Wednesday 2 June 2010

A simple point from a master writer

Donald Boudreaux’s letters to the editor are small masterpieces of economic proselytisation--like Bastiat in miniature. Here’s his latest to the New York Times (pinched from Cafe Hayek):

Dear Editor:

Suppose Uncle Sam orders you to raise by 41 percent the price you charge for subscriptions to your newspaper.  Would you be surprised to find a subsequent fall in the number of subscribers?  If you assigned a reporter to investigate the reasons for this decline in subscriptions, would you be impressed if that reporter files a story offering several possible explanations for the fall in subscriptions without, however, once mentioning the mandated 41 percent price hike?

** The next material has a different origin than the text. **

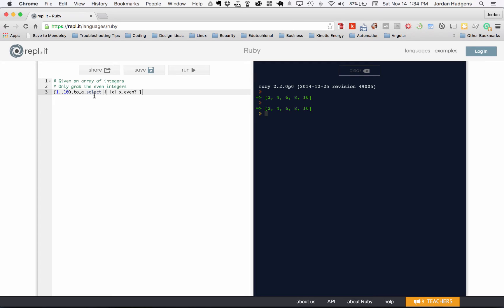I want to show you an even better way, and I'm not just showing it because it's cool — it's also practical. If you're taking on a Ruby project from someone else, you're going to see all different kinds of syntaxes. I can get rid of all of this and just pass in a symbol: put :even in parentheses with an ampersand in front of it — &:even. Hit run and you can see it does the exact same thing.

Unless you answered “yes” to this last question, I wonder why you published Mickey Meece’s report on today’s record high teenage unemployment rate (“Job Outlook for Teenagers Worsens,” June 1).  Between 2007 and 2009, Uncle Sam ordered teenage workers (who are mostly unskilled) to raise the price they charge for their labor services by 41 percent.  (That is, the federal minimum-wage rose from $5.15 per hour in 2007 to its current level of $7.25 in 2009 – a 41 percent increase.)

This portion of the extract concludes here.